Jennifer Seif: Fair Trade in Tourism South Africa (FTTSA) is scaling up its programme of work, reaching out to Africa to grow supply of Fair Trade Tourism products while also stimulating demand in Europe and other key source markets. This work is funded primarily by the Swiss State Secretariat of Economic Affairs (SECO) over a four year period. Fair Trade Tourism is based on a product standard that certifies sustainability at “firm” level, plus a trade standard that certifies fair commercial relationships in tourism value chains. Combined, these standards result in Fair Trade holidays to Africa.

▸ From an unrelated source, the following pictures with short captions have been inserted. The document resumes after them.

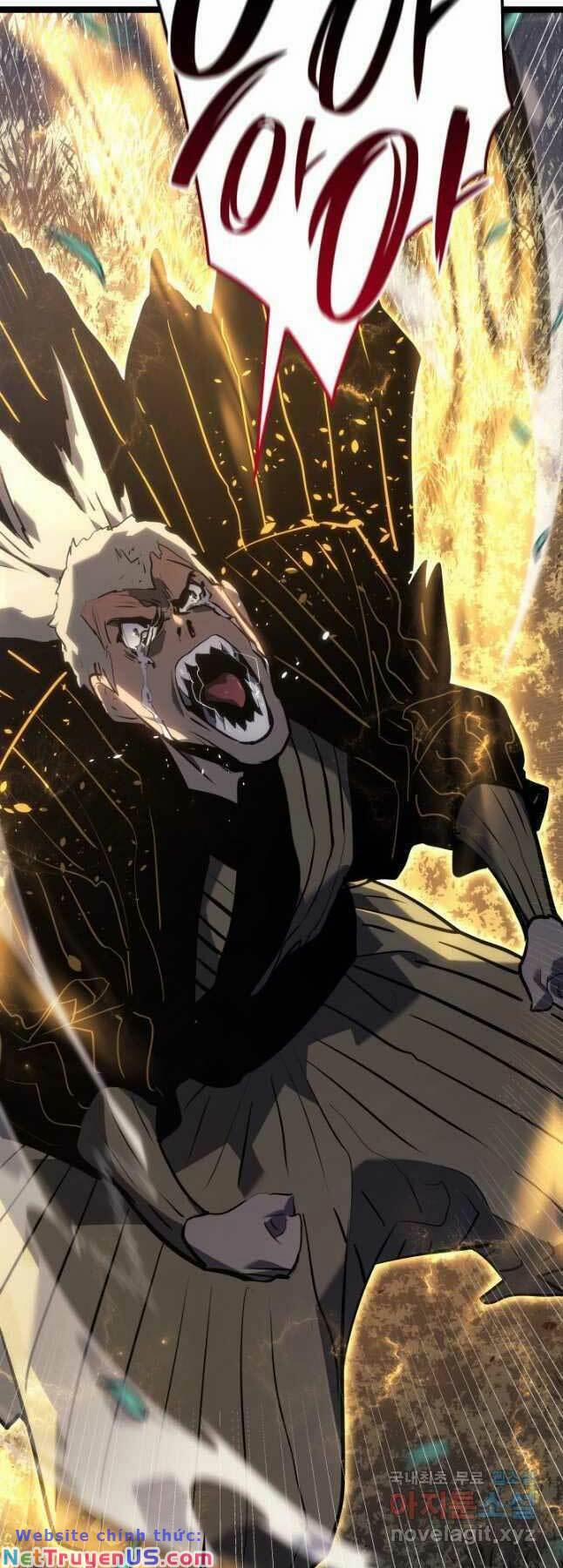 Tử Thần Phiêu Nguyệt 64 trang 66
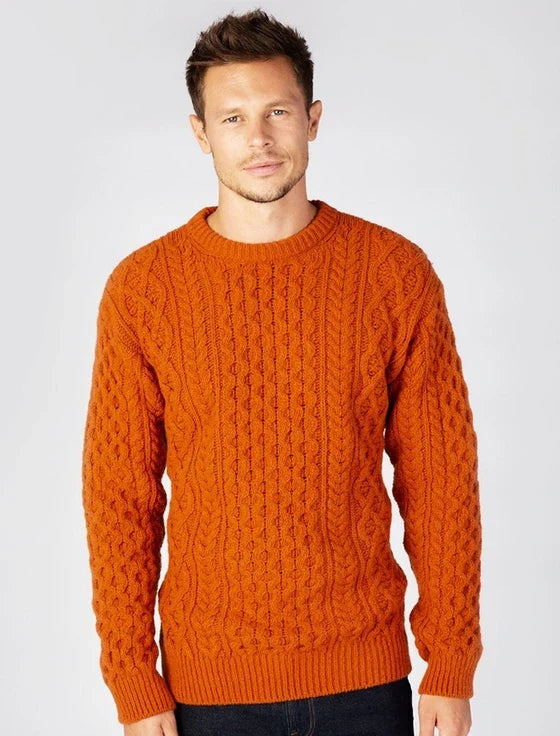 Terracotta / XS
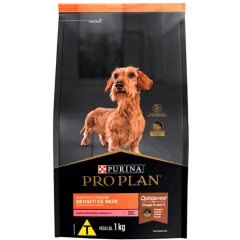 PRO PLAN SENSITIVE SKIN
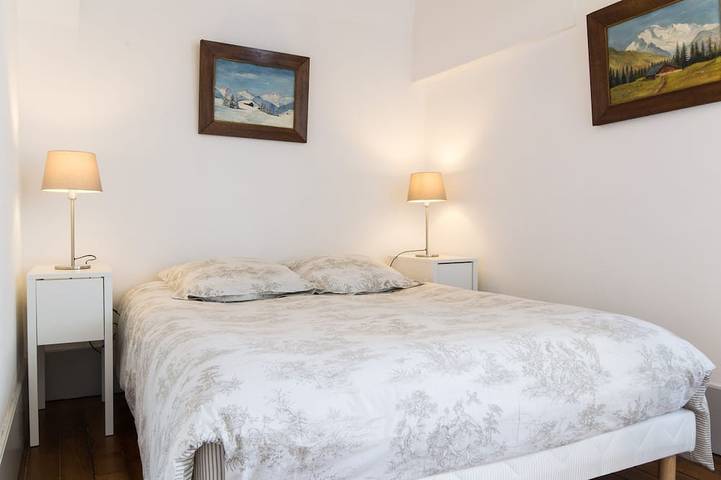 Ganze Wohnung, Les Bons Enfants - Sehr schöne Maisonette mit 2 Schlafzimmern und 2 Bädern (90 m²) in Dijon, Dijon und Umgebung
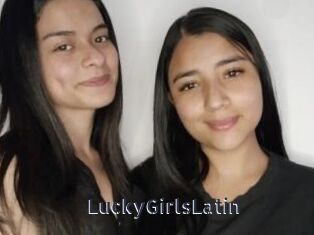 LuckyGirlsLatin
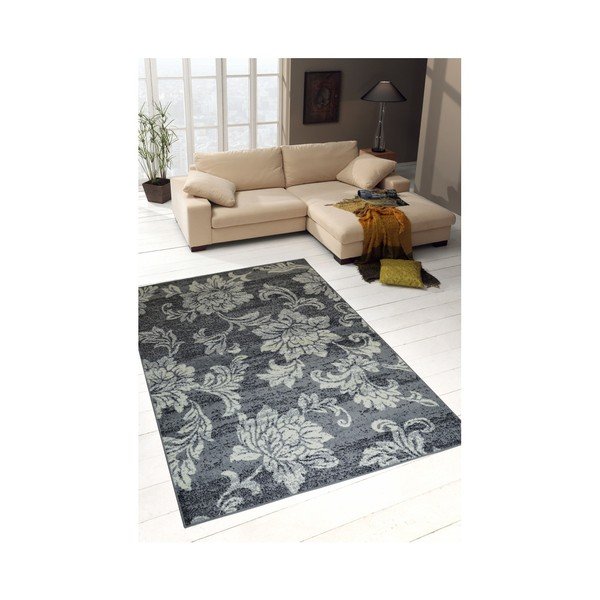 Covor foarte rezistent Floorita Flirt Carro, 160 x 235 cm-image-2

There are currently 14 holidays for sale in Europe. Over the next four years we will grow demand by bringing products from eight countries into the system (Botswana, Lesotho, Madagascar, Mozambique, Namibia, South Africa, Swaziland and Tanzania) and encouraging tour operators to develop and market holidays to the region. We hope that the model developed in the South will provide the basis for a future international Fairtrade mark for tourism, which will provide an effective means of bringing sustainable products to market. High volumes of consumers in Europe as well as North America know and trust the Fairtrade mark and expanding its scope to tourism will enable us to talk to travelers about sustainability in a language they understand and are loyal to.
VT: Which roles have climate change, halting the loss of biodiversity, supporting regional economy, travel slow, consume less, in your certification standards?
JS: The Fair Trade Tourism Standard is aligned to the Global Sustainable Tourism Criteria and was one of the first globally to achieve GSTC recognition. The Fair Trade Tourism standard assures business commitment to sustainable production, biodiversity conservation, fair labour standards, local economic development and human rights. Additionally, Fair Trade Tourism highhlights the importance of sustainable trade in tourism, predicated on the principle that CSR and similar initiatives in the North must be accompanied by fair prices, equitable risk sharing and minimizing economic leakage from destinations and from economically poor communities within them.
VT: Which e.g. 3-5 exemplary FTTSA businesses would you highlight to give our readers an idea of your accredited establishments in Europe?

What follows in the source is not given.